Kueng and Thao are also charged with failing to intervene to stop Chauvin during the May 25, 2020, killing.

The defense says the officers were not trained properly and didn’t willfully violate Floyd’s rights.

Court convened at 9:06 a.m. Wednesday and Judge Paul Magnuson read jury instructions. He explained each charge to the jurors and emphasized that they’re each separate from the others.

He also removed the two remaining alternate jurors but didn’t excuse them from duty yet. They were allowed to leave the courthouse but are on-call and would fill in if one of the jurors got sick during deliberations. In that event, deliberations would have to restart, court staff say.

At 9:53 a.m., Magnuson sent jurors out to begin deliberations.

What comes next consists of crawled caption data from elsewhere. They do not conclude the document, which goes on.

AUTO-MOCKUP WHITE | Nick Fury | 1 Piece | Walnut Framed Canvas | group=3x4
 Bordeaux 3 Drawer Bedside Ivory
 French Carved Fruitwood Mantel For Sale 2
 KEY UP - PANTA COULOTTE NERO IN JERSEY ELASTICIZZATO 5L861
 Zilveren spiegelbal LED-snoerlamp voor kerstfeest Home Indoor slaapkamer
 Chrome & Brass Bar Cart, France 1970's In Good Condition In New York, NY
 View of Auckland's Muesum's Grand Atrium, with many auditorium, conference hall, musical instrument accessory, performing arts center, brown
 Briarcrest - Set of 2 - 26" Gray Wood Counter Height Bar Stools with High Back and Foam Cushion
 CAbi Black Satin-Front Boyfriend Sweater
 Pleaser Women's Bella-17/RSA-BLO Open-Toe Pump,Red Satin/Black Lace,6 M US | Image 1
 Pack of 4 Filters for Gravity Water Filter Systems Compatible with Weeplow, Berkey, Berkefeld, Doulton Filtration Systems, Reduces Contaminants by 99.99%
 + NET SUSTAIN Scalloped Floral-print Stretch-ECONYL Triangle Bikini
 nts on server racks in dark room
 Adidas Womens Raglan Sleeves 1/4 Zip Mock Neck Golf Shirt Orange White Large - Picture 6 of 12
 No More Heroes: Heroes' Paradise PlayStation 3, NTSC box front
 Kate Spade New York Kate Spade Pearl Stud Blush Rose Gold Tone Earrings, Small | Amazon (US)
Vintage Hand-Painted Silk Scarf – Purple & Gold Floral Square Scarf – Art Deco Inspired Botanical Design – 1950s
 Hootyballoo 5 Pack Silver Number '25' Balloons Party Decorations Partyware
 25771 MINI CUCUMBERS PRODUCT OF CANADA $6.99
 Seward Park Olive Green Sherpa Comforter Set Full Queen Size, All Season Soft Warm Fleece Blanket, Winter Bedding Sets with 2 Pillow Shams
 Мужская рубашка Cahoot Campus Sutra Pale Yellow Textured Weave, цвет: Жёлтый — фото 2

After jurors left, Kueng’s attorney, Thomas Plunkett, asked for a mistrial. Judge Magnuson noted that Plunkett asked for a mistrial and cited prosecutorial misconduct multiple times. He told Plunkett to formally submit his request in written form and will give prosecutors the chance to respond.

The judge and attorneys all left the courtroom at 10 a.m.

Courteney Ross, Floyd’s girlfriend, gave the following statement after the jury started deliberating Wednesday morning:

“It’s been a long month … my heart is with Floyd … the prosecution has led an excellent case … if I was a juror, they’d come back guilty … they never rendered aid to Floyd … it was clear to see.”

As jurors began deliberating Wednesday, the judge in the case of the three former Minneapolis police officers charged with violating George Floyd’s civil rights took a step to protect the jurors’ identity.

Judge Paul Magnuson signed an order sealing juror questionnaires and other juror records for at least 10 years.

“The significant public attention this trial has generated, combined with the Court’s assurances to prospective jurors that the information would not be released, mandate such sealing,” the document signed by Magnuson states.

Jurors are still able to speak publicly about the case after a verdict is returned if they desire.

Deliberations are set to continue until 5 p.m. The jurors haven’t yet asked the judge any questions.